→ The problem:
An exact restatement of all the data is required, with the pictures left out.

→ Input:
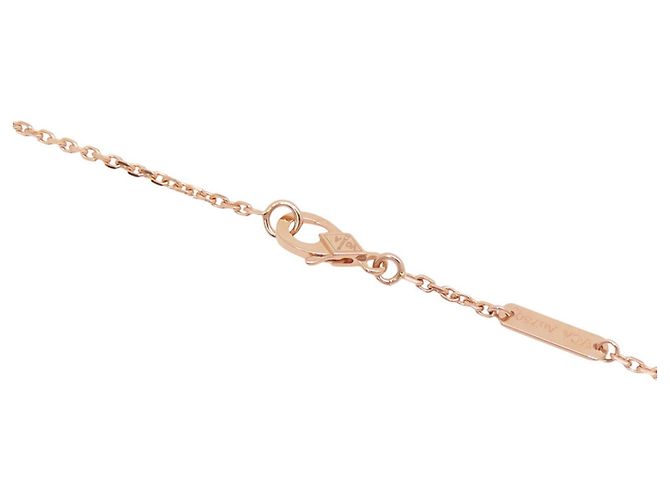Collar Van Cleef & Arpels Alhambra Rosa - vista 5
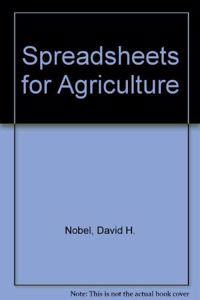 Spreadsheets for Agriculture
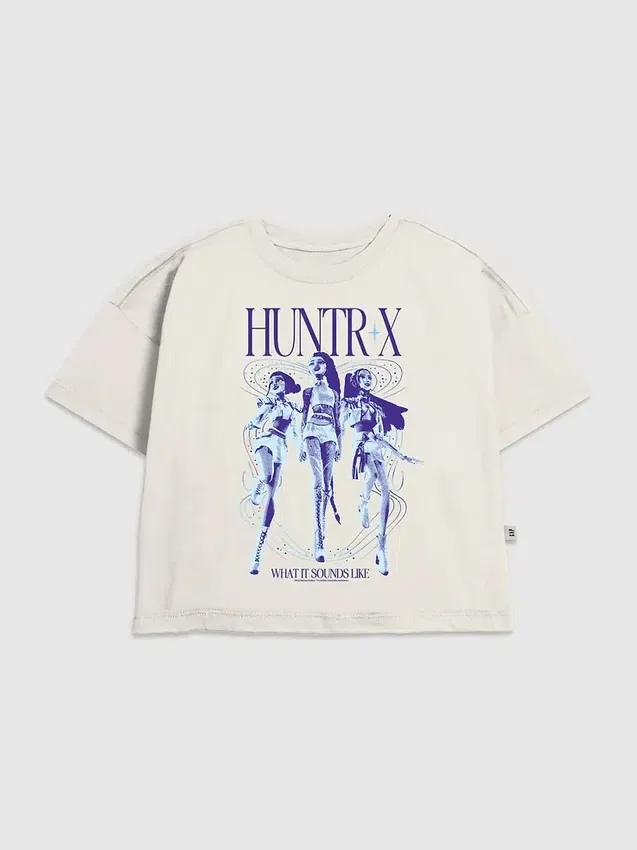 Παιδικό T-shirt με γραφικό «K-Pop Demon Hunters: This is What It Sounds Like»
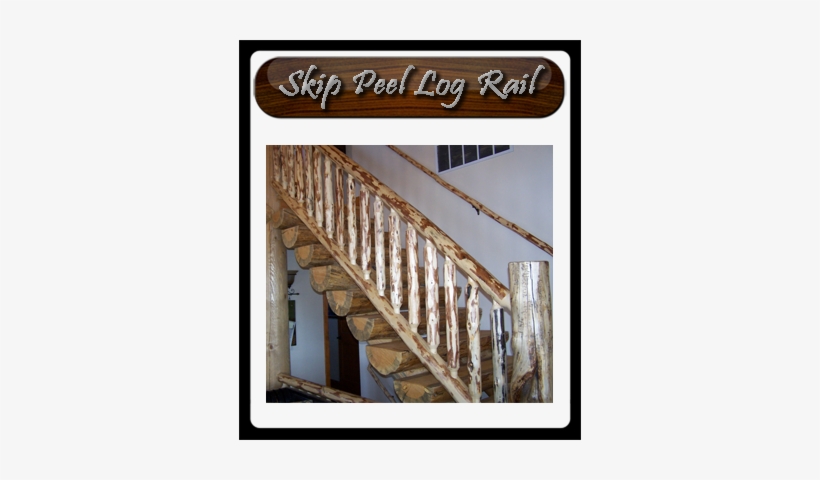 Log Handrails, transparent png download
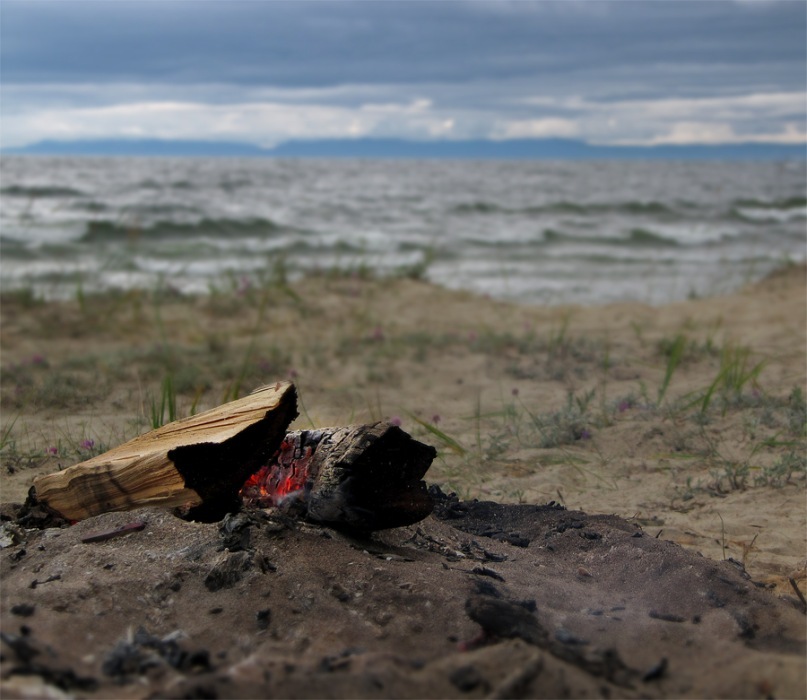 Вечер на Байкале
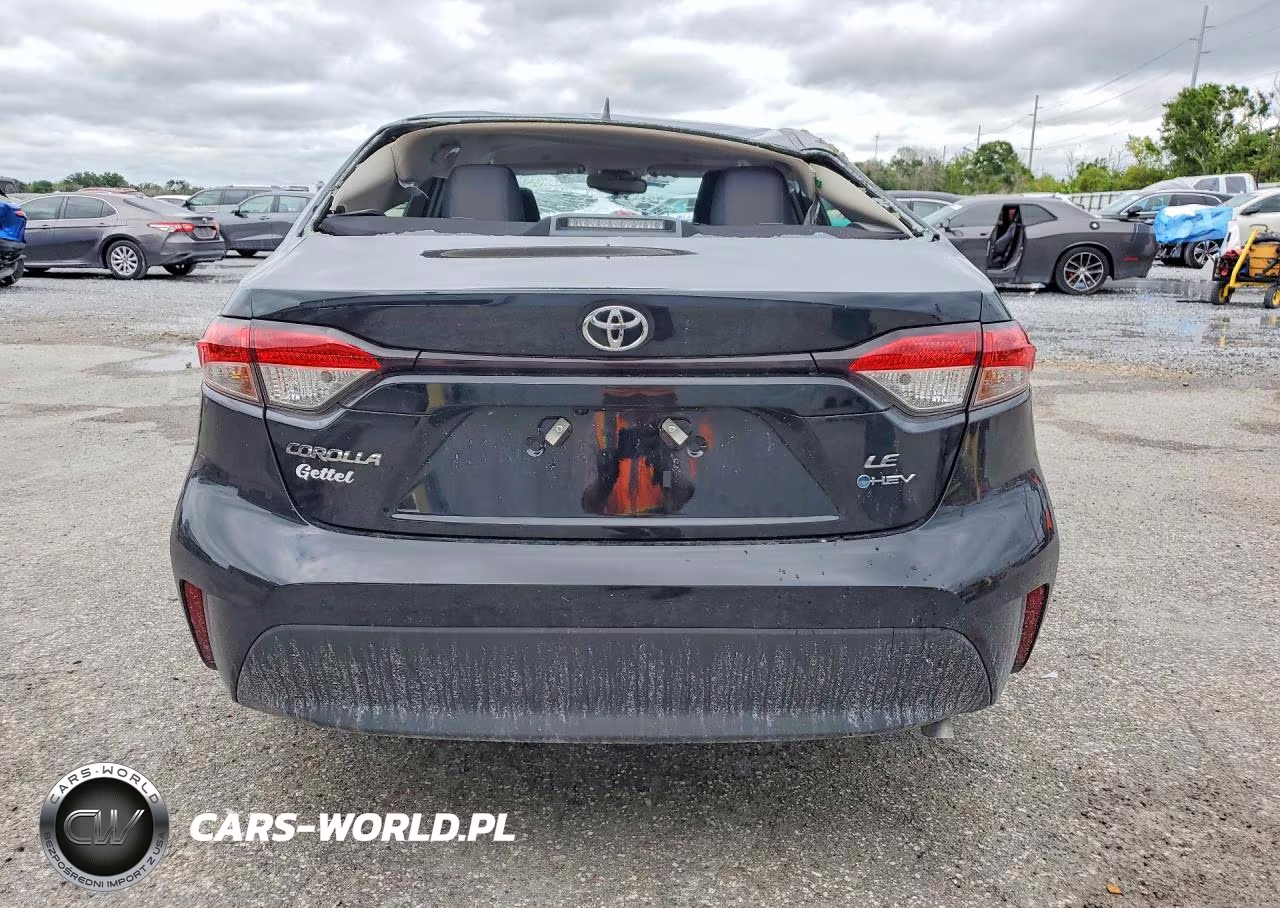 2026 Toyota Corolla Hybrid Le VIN:JTDBCMFE4T3137326 - 6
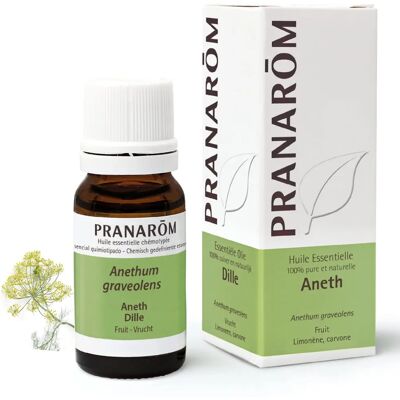 Olio Essenziale di Aneto Pranarom - Naturale, Terapeutico, 10ml Olio Essenziale di Aneto Pranarom - Naturale, Terapeutico, 10ml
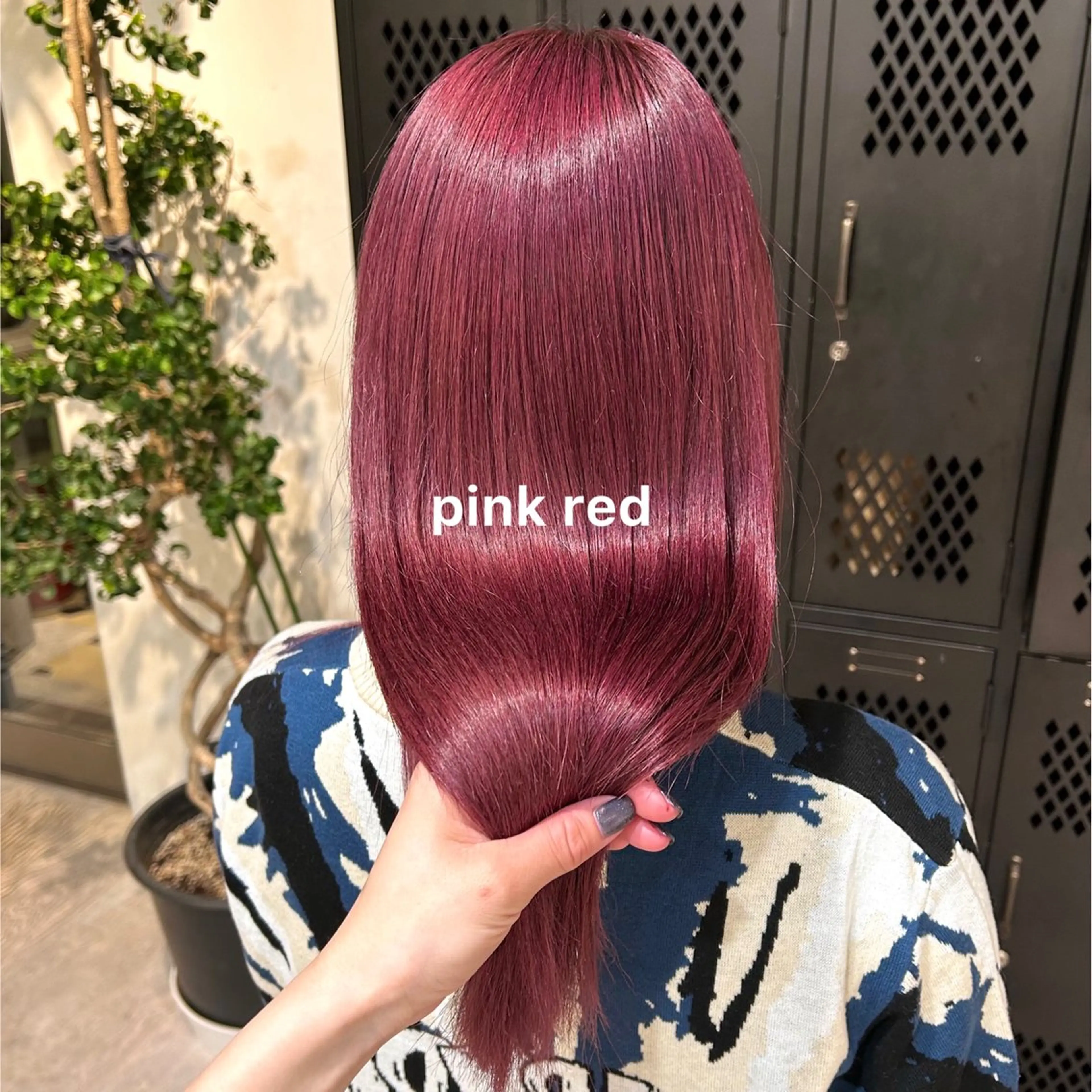 カラー ヘアカラー トリートメント 暖色カラー推し/ トヤエリコのヘアスタイル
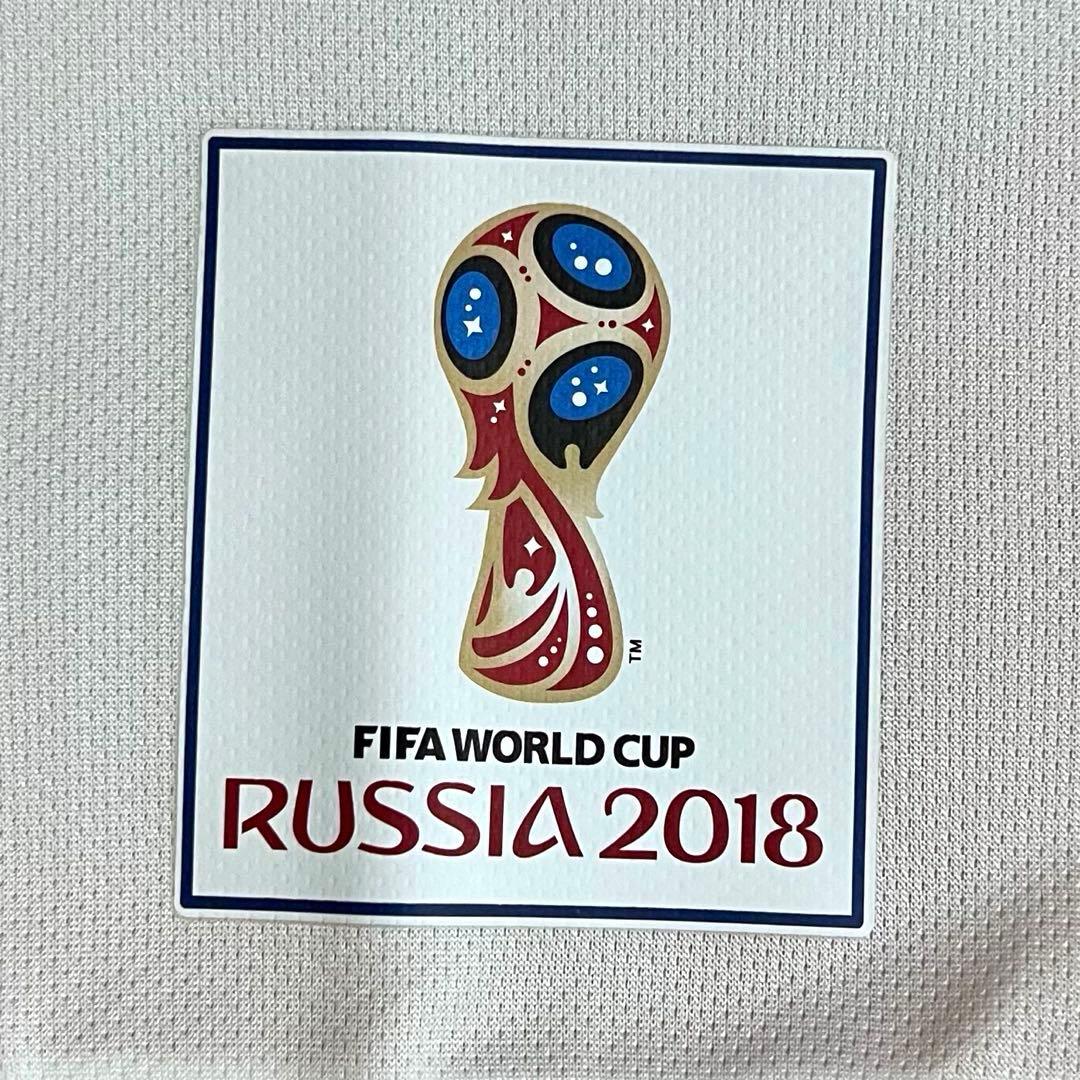 【新品/タグ付き】2018ロシアW杯 アルゼンチン代表♯10メッシ【Lサイズ】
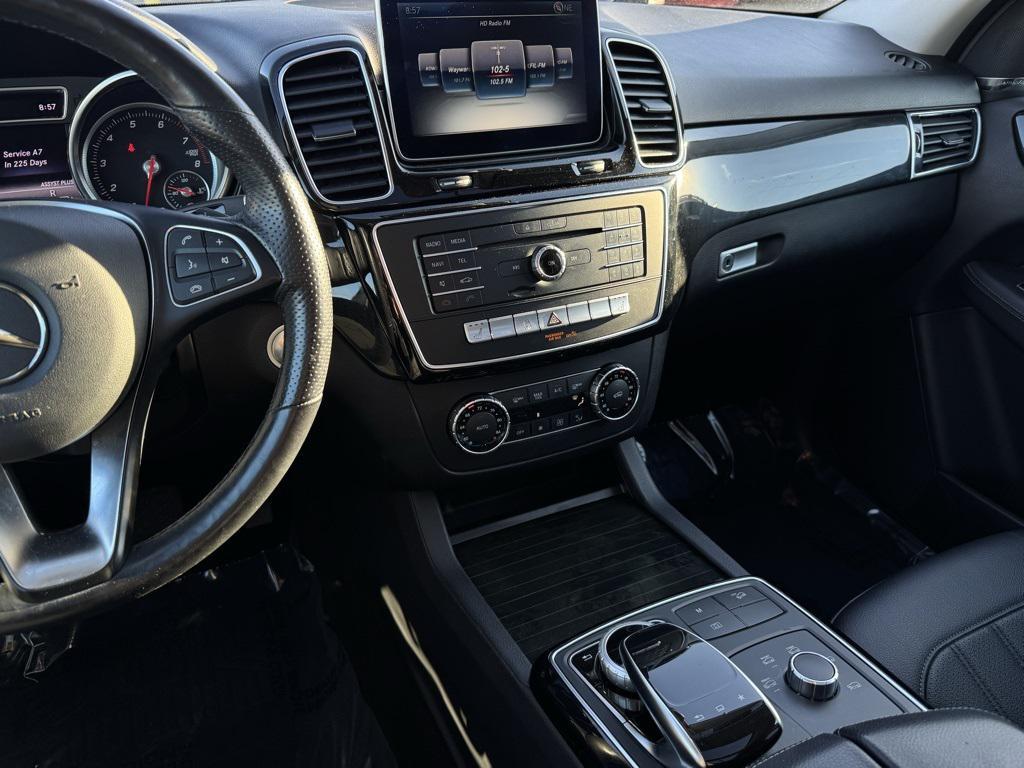 used 2016 Mercedes-Benz GLE-Class car, priced at $21,999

→ Answer box:
Collar Van Cleef & Arpels Alhambra Rosa - vista 5
 Spreadsheets for Agriculture
 Παιδικό T-shirt με γραφικό «K-Pop Demon Hunters: This is What It Sounds Like»
 Log Handrails, transparent png download
 Вечер на Байкале
 2026 Toyota Corolla Hybrid Le VIN:JTDBCMFE4T3137326 - 6
 Olio Essenziale di Aneto Pranarom - Naturale, Terapeutico, 10ml Olio Essenziale di Aneto Pranarom - Naturale, Terapeutico, 10ml
 カラー ヘアカラー トリートメント 暖色カラー推し/ トヤエリコのヘアスタイル
 【新品/タグ付き】2018ロシアW杯 アルゼンチン代表♯10メッシ【Lサイズ】
 used 2016 Mercedes-Benz GLE-Class car, priced at $21,999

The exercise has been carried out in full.